The legal industry can learn from the #MeToo movement
Over the past few months, the #MeToo movement has claimed the reputations of many iconic personalities and brands. The downfall of seemingly untouchable public figures, from Harvey Weinstein to Louis CK (and the list keeps growing), has emboldened a wave of women (and some men) to share their experiences of sexual harassment and abuse.
Most of the stories involve obvious power imbalances: an aspiring actress, intern, or staff member victimized and targeted by men in massive power. One might assume that lawyers are less vulnerable to such dynamics, after all, lawyers are the professionals trained to defend others.
Relatively, however, women in the law face some of the greatest power imbalances, for example, a student or junior associate has no power compared to a rainmaking partner. Our industry isn’t immune to horrific, systemic behavior. For instance, abovethelaw.com has an entire section devoted to sharing #MeToo related stories called, The Pink Ghetto. Posted stories include allegations ranging from unwanted drunken propositions at Christmas parties to full-fledged sexual assault on business trips.
The #MeToo movement offers an opportune time for the legal industry to pause and consider its status quo and how to innovate better approaches to tackle sexual harassment both internally and externally. The market is demanding change, with prominent investors backing start-ups such as tequitable.com, workbravely.com, allvoices.co aiming to empower victims through various tools including confidential third-party counselling to the aggregation of anonymous complaints.

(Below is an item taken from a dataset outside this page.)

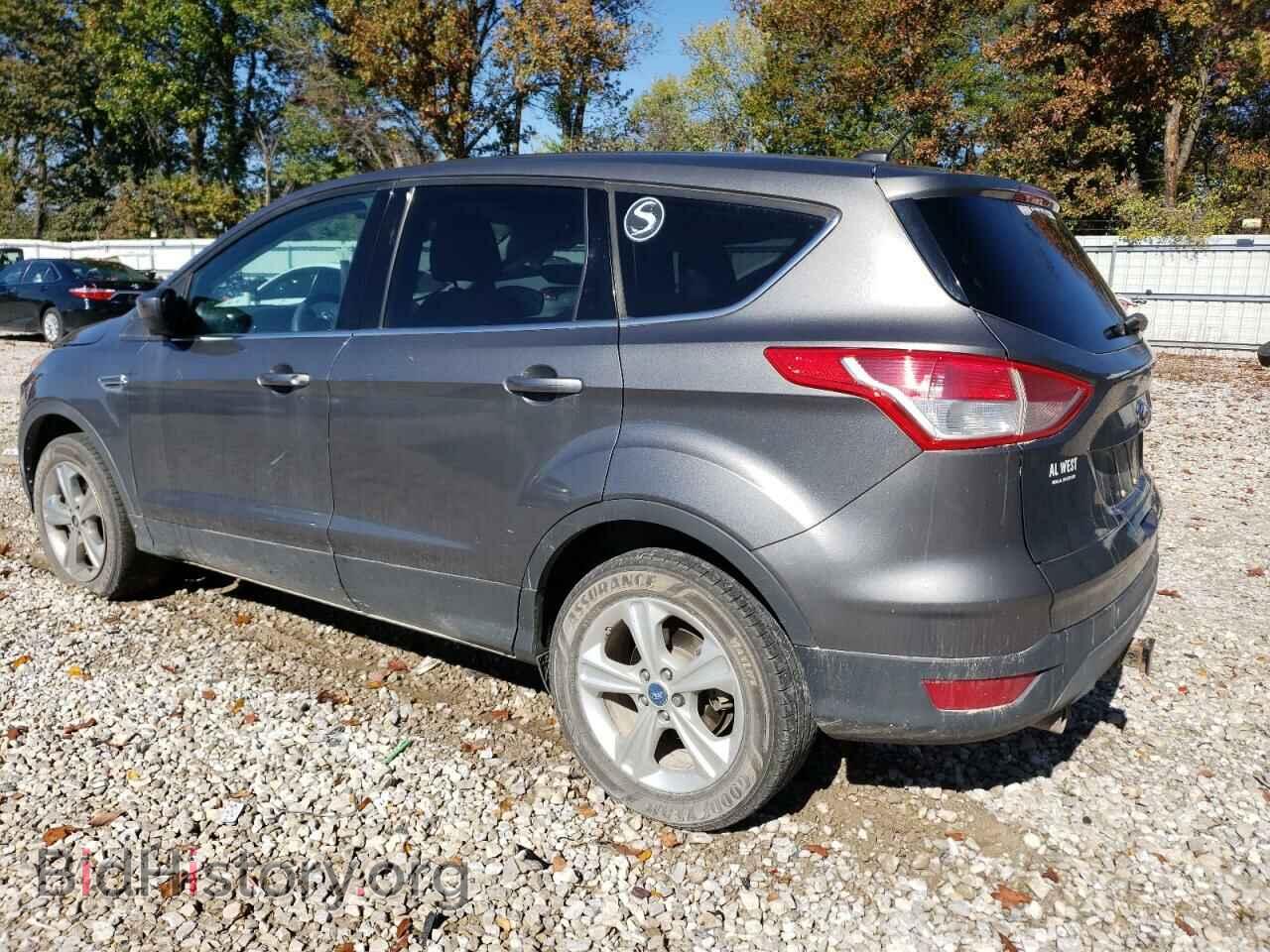 2013 FORD ESCAPE - VIN: 1FMCU9G91DUC31445 - Photo 2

One story listed in The Pink Ghetto is titled “Who Do You Believe, a Drunk Law Student or Powerful Partner?” What processes does your law firm have in place to ensure a student in this situation even has a chance to be heard? What needs to improve? Those who are on the leading edge of creating and implementing solutions will not only better attract and retain talent but will also be empowered to share their own successes with current and prospective clients.